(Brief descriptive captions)
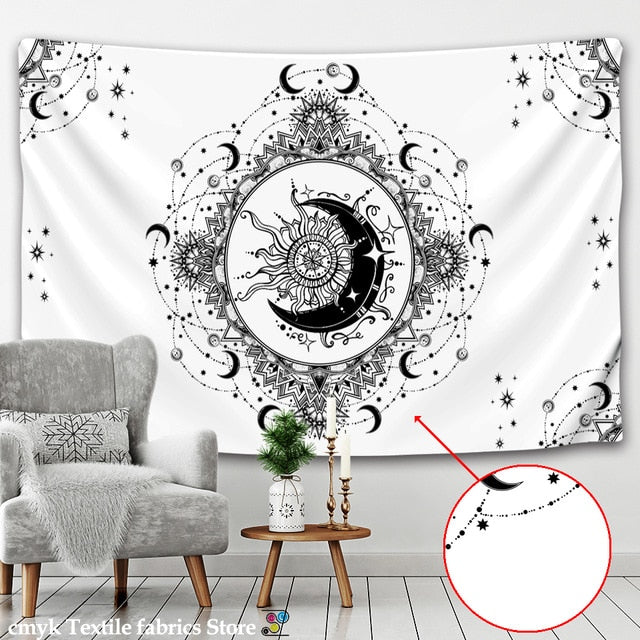Psychedelic Tapestry Wall Hanging Bohemian Hippie Witchcraft TAPIZ Art Science Fiction Tarot Room Home Decor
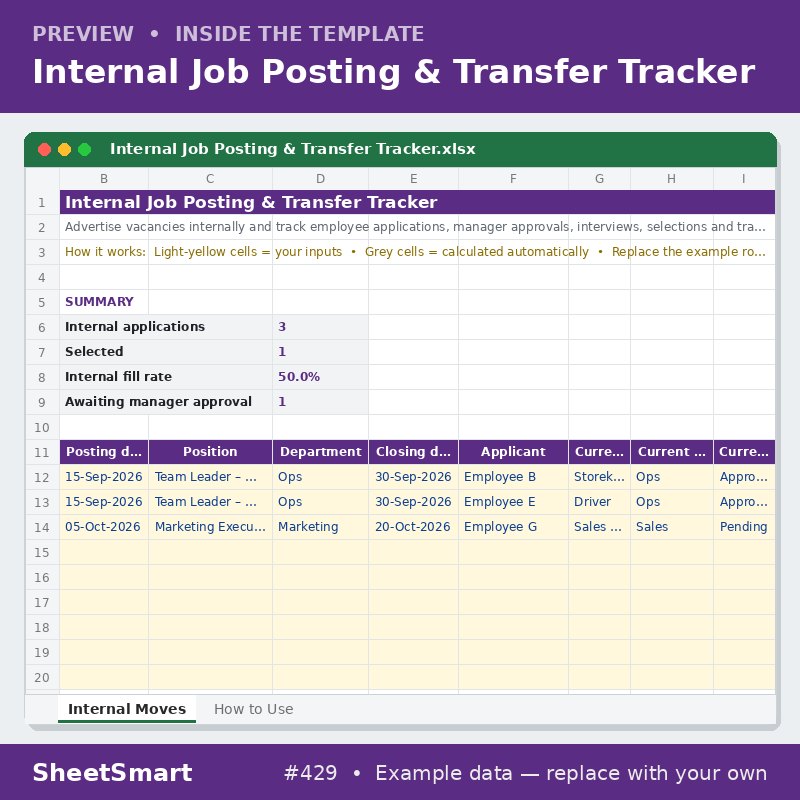 Internal Job Posting & Transfer Tracker – sheet preview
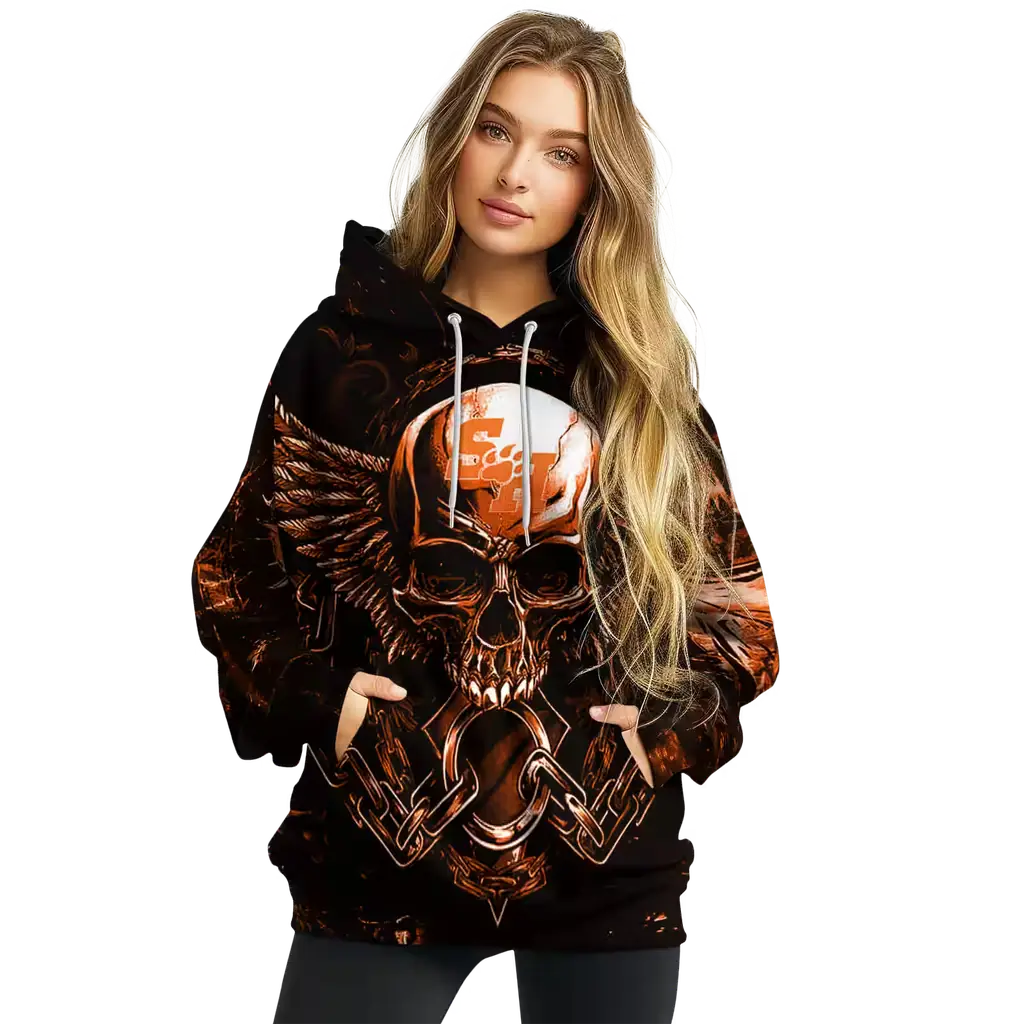 sam houston bearkats skull artwork orange black hoodie high quality sam houston bearkats skull artwork orange black hoodie high quality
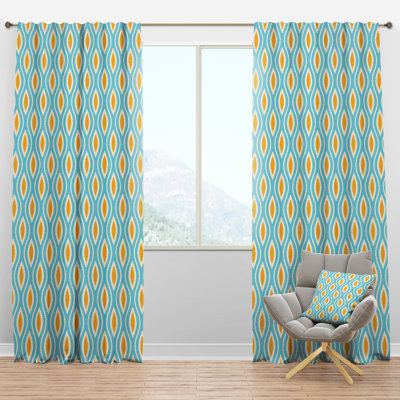 Retro Pattern Abstract Design I - Mid-Century Velvet Curtain - Room darkening - 1 panel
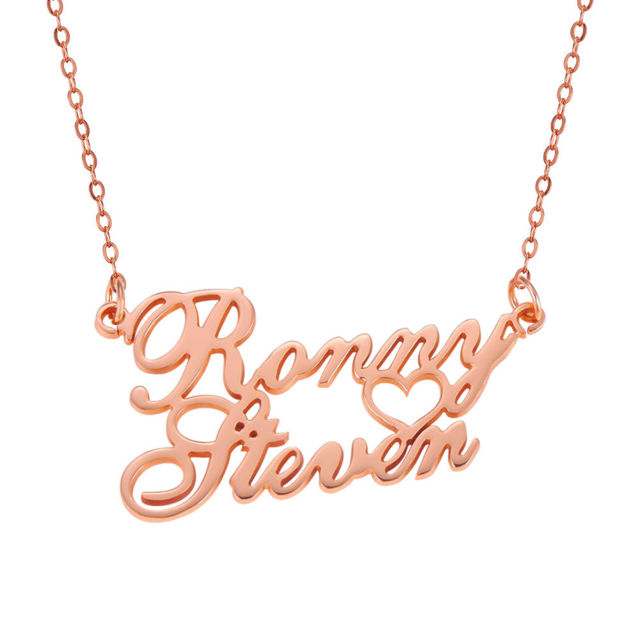 Picture of Personalized Two Line Name Necklace in 925 Sterling Silver
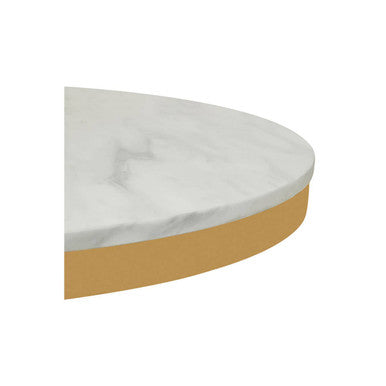 Image of White Marble Round Top Dining Table with Luxe Gold Finish Pedestal Base, Azalea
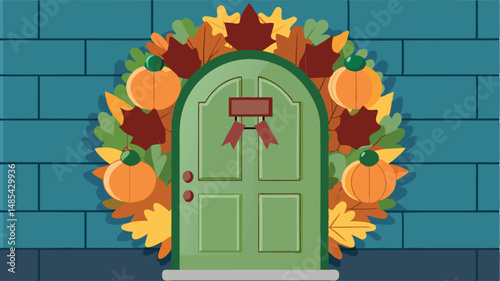 Fall-themed vector illustration featuring a welcoming door adorned with seasonal leaves and pumpkins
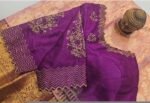 Purple hand embroidery blouse/saree maggam work blouse/purple saree blouse/purple hand embroidered blouse/ready made blouse zardosi/voggish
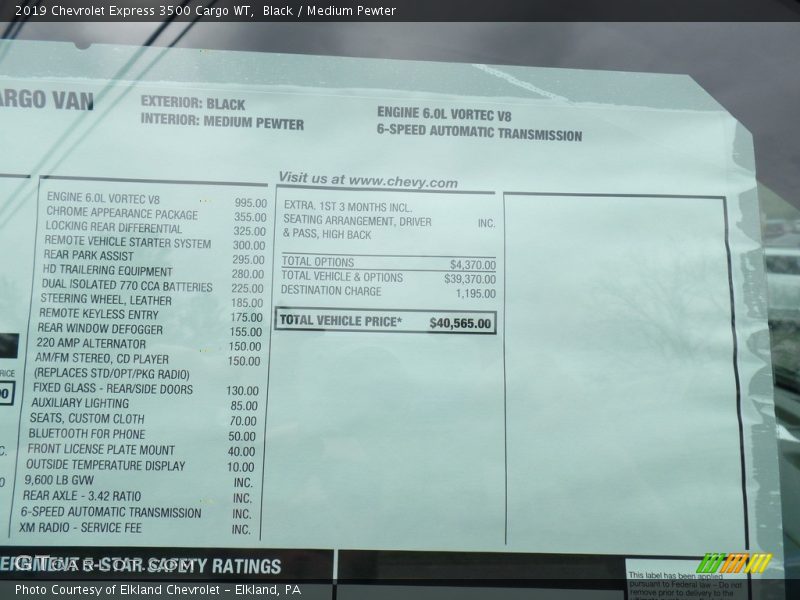 2019 Express 3500 Cargo WT Window Sticker
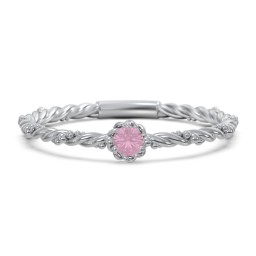 Twisted Band Stackable Ring with Gemstone in 925 Sterling Silver with Pink Tourmaline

#### What you need to do
Copy the final stretch of lines, starting at the one that holds "Purple hand embroidery" and ending at the last line of the data, exactly; omit pictures.

#### Task response
 Purple hand embroidery blouse/saree maggam work blouse/purple saree blouse/purple hand embroidered blouse/ready made blouse zardosi/voggish
 2019 Express 3500 Cargo WT Window Sticker
 Twisted Band Stackable Ring with Gemstone in 925 Sterling Silver with Pink Tourmaline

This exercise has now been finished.